### Required work:
In the entries that follow, the line with "A Victorian silver" opens the range and the line with "Eric presents the" closes it; repeat that range exactly, both lines included.
=== Begin Enclosure ===
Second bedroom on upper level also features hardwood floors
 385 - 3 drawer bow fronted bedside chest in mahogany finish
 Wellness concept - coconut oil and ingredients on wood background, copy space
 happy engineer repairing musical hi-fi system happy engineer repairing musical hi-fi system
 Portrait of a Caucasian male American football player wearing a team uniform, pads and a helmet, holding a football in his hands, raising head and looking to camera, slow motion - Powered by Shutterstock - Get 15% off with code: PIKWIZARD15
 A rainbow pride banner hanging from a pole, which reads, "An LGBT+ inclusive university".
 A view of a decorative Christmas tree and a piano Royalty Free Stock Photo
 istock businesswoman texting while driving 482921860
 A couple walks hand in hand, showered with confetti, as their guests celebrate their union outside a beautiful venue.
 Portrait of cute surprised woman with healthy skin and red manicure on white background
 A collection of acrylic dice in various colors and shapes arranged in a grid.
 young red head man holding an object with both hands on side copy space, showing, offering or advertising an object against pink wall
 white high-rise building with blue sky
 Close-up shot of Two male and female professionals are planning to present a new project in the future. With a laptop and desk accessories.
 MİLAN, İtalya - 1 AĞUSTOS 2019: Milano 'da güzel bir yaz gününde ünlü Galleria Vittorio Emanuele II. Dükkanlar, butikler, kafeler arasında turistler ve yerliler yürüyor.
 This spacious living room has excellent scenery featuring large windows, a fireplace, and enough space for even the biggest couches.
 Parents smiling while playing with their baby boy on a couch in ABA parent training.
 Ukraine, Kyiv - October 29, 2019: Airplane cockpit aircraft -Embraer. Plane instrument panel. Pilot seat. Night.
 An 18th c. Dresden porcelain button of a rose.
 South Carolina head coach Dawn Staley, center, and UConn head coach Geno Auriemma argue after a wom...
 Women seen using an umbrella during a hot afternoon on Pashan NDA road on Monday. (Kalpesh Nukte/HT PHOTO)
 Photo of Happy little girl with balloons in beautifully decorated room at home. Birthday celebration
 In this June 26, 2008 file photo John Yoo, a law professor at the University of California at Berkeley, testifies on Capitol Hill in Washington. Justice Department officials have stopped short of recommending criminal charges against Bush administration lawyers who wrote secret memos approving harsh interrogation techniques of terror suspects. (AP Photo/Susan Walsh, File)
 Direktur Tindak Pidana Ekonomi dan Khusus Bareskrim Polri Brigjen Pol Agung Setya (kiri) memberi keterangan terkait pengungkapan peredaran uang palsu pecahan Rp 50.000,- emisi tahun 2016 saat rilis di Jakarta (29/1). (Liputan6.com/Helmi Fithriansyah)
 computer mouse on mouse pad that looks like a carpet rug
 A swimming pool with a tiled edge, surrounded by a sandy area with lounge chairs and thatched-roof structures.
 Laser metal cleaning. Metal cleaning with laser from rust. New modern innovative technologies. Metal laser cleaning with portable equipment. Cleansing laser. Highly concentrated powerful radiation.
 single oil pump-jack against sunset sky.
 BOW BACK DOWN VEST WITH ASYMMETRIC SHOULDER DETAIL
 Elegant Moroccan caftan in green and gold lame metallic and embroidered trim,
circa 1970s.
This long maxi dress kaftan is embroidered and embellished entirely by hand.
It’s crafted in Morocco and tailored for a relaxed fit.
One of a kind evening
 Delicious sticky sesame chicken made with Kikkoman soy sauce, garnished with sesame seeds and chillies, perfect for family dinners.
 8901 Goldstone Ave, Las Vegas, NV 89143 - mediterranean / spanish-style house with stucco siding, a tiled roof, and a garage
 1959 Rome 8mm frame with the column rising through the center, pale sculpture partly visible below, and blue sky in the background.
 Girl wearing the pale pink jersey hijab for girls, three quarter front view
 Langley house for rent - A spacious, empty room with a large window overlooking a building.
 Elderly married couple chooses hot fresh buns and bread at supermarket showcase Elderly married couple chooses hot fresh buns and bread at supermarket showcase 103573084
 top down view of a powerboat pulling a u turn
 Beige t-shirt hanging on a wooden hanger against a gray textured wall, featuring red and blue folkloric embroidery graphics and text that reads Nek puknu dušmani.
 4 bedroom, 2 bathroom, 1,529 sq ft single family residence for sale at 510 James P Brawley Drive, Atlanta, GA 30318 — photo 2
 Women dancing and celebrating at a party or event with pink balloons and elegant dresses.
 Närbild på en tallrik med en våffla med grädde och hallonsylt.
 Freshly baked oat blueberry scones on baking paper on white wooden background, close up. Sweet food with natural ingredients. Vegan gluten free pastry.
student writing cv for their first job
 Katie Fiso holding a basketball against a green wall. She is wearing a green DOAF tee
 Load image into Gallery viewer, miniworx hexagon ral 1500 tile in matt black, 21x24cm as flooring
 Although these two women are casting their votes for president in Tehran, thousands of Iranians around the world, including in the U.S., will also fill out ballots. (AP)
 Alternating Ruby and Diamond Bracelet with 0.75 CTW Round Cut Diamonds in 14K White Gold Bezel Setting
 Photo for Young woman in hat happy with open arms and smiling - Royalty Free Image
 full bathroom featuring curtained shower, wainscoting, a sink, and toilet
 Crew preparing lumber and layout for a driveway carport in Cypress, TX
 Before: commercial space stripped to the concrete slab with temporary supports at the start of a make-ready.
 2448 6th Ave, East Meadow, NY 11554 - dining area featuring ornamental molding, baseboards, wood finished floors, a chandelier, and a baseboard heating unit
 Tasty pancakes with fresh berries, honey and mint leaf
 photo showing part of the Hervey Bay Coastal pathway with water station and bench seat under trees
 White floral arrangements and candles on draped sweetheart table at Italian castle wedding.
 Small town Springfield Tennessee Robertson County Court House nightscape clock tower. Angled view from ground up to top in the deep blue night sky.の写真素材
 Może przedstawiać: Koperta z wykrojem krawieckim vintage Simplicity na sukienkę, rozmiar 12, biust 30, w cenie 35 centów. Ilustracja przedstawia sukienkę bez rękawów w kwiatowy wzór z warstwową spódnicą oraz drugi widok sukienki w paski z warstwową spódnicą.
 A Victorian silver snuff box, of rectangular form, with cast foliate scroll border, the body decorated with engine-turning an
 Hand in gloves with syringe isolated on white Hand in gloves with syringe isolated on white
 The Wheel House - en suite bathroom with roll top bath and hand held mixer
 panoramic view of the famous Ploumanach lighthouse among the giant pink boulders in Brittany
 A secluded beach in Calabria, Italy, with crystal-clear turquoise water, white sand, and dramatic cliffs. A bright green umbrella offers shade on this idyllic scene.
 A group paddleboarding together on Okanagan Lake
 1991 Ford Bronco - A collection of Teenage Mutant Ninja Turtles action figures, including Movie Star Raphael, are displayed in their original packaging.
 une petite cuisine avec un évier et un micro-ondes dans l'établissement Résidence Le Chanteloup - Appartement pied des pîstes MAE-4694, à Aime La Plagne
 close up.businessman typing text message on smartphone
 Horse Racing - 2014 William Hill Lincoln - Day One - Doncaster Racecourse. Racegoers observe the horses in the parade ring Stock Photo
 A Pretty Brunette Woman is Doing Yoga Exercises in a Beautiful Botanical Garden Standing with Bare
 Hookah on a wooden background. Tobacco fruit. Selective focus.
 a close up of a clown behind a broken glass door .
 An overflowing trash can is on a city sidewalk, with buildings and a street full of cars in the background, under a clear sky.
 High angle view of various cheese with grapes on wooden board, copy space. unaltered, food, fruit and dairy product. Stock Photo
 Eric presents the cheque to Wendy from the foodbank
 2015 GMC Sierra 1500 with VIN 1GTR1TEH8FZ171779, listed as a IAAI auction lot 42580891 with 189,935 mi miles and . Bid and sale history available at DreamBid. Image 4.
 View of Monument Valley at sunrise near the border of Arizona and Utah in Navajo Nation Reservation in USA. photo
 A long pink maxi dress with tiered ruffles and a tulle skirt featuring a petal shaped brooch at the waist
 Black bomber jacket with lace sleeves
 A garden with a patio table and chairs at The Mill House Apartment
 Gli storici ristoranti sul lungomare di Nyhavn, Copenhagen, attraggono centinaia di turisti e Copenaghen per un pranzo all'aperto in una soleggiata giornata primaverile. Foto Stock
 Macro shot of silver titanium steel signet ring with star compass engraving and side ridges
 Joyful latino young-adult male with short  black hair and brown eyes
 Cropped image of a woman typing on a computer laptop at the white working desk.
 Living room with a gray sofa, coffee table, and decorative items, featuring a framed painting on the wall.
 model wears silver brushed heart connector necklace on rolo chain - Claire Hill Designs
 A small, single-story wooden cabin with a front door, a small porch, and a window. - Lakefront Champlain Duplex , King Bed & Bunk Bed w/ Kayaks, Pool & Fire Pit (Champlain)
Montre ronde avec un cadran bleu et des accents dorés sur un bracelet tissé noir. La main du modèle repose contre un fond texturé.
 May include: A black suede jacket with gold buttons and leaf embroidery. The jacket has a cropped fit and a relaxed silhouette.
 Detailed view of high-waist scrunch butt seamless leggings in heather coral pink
=== End Enclosure ===
### Reply:
 A Victorian silver snuff box, of rectangular form, with cast foliate scroll border, the body decorated with engine-turning an
 Hand in gloves with syringe isolated on white Hand in gloves with syringe isolated on white
 The Wheel House - en suite bathroom with roll top bath and hand held mixer
 panoramic view of the famous Ploumanach lighthouse among the giant pink boulders in Brittany
 A secluded beach in Calabria, Italy, with crystal-clear turquoise water, white sand, and dramatic cliffs. A bright green umbrella offers shade on this idyllic scene.
 A group paddleboarding together on Okanagan Lake
 1991 Ford Bronco - A collection of Teenage Mutant Ninja Turtles action figures, including Movie Star Raphael, are displayed in their original packaging.
 une petite cuisine avec un évier et un micro-ondes dans l'établissement Résidence Le Chanteloup - Appartement pied des pîstes MAE-4694, à Aime La Plagne
 close up.businessman typing text message on smartphone
 Horse Racing - 2014 William Hill Lincoln - Day One - Doncaster Racecourse. Racegoers observe the horses in the parade ring Stock Photo
 A Pretty Brunette Woman is Doing Yoga Exercises in a Beautiful Botanical Garden Standing with Bare
 Hookah on a wooden background. Tobacco fruit. Selective focus.
 a close up of a clown behind a broken glass door .
 An overflowing trash can is on a city sidewalk, with buildings and a street full of cars in the background, under a clear sky.
 High angle view of various cheese with grapes on wooden board, copy space. unaltered, food, fruit and dairy product. Stock Photo
 Eric presents the cheque to Wendy from the foodbank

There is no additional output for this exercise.